**GIVEN MATERIAL**:
»»
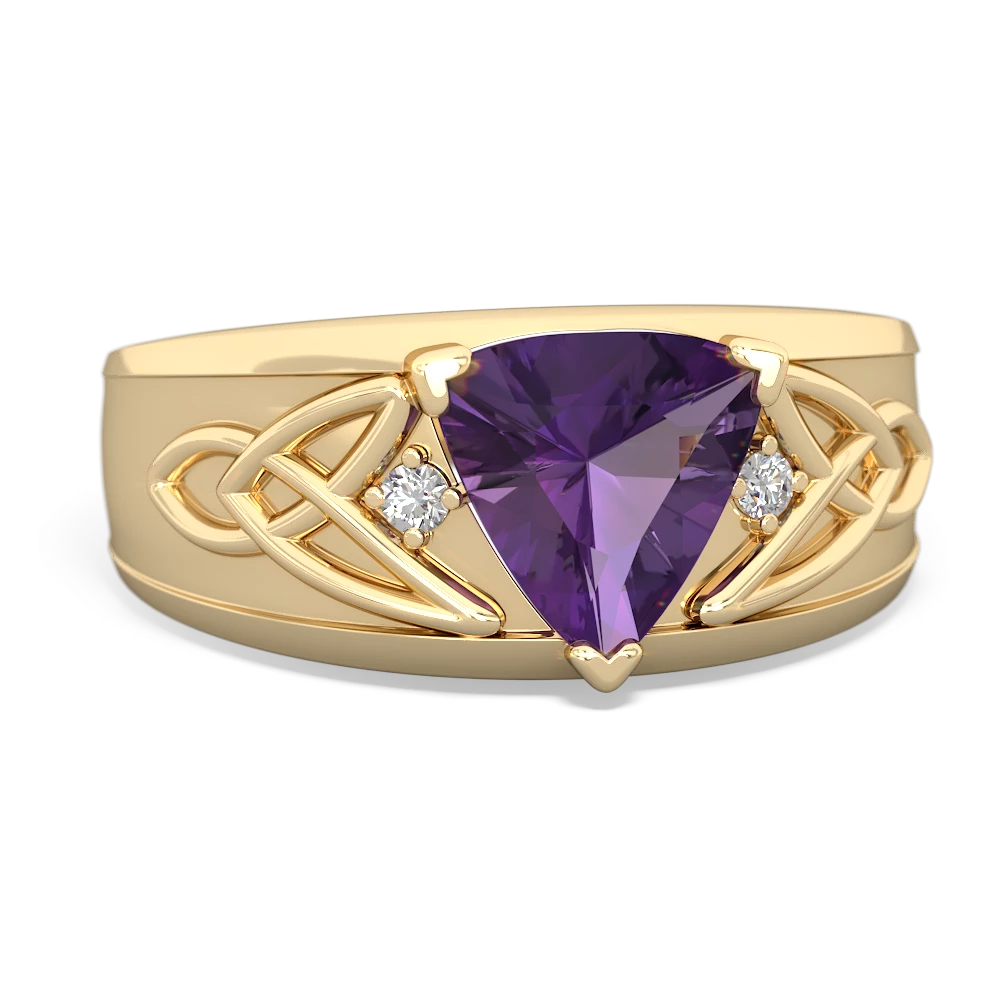 Amethyst Celtic Trinity Knot Men's 14K Yellow Gold ring R0440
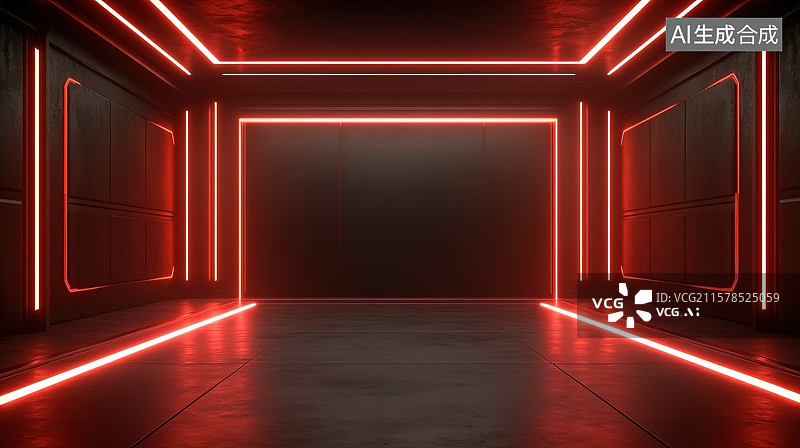【AI数字艺术】红色发光现代建筑室内空间图片素材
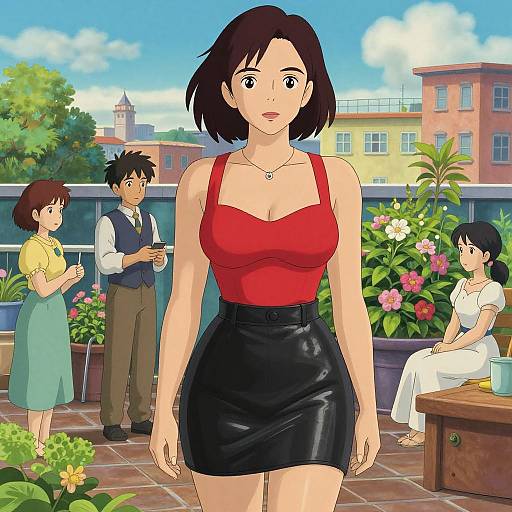Digital anime-style drawing of a confident woman in a red top and black skirt, standing in a sunny rooftop garden with four other people. Bright colors,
««
**EXERCISE OBJECTIVE**: Reproduce the material word for word. Any pictures should be left out of the copy.

**RESPONSE TO THE EXERCISE**:
 Amethyst Celtic Trinity Knot Men's 14K Yellow Gold ring R0440
【AI数字艺术】红色发光现代建筑室内空间图片素材
Digital anime-style drawing of a confident woman in a red top and black skirt, standing in a sunny rooftop garden with four other people. Bright colors,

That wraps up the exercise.